** Opening SOURCE RECORDS block **

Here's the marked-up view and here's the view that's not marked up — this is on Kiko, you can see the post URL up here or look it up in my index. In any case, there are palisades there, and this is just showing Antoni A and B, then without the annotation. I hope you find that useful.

** Closing SOURCE RECORDS block **
** Opening SOURCE RECORDS block **

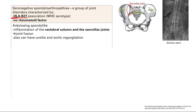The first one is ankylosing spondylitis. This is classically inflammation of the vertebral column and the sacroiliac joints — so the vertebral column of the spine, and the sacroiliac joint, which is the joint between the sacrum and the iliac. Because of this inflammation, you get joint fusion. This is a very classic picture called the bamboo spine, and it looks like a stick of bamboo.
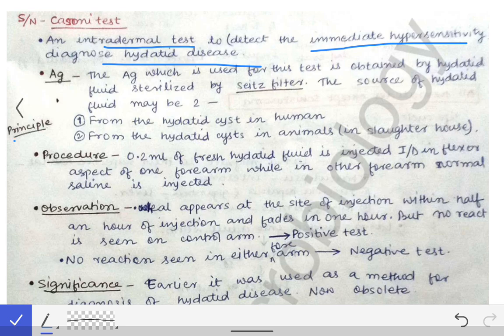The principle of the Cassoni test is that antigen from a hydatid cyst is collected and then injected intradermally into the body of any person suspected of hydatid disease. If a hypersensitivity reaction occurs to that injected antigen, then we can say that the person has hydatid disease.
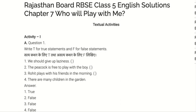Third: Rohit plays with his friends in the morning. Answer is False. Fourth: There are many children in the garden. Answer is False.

** Closing SOURCE RECORDS block **

Although pictures appear among the records above, write out exactly only the lines from the one that has "The principle of" through the one that has "Third: Rohit plays", and leave the pictures out.

### RESPONSE TO THE TASK
The principle of the Cassoni test is that antigen from a hydatid cyst is collected and then injected intradermally into the body of any person suspected of hydatid disease. If a hypersensitivity reaction occurs to that injected antigen, then we can say that the person has hydatid disease.
Third: Rohit plays with his friends in the morning. Answer is False. Fourth: There are many children in the garden. Answer is False.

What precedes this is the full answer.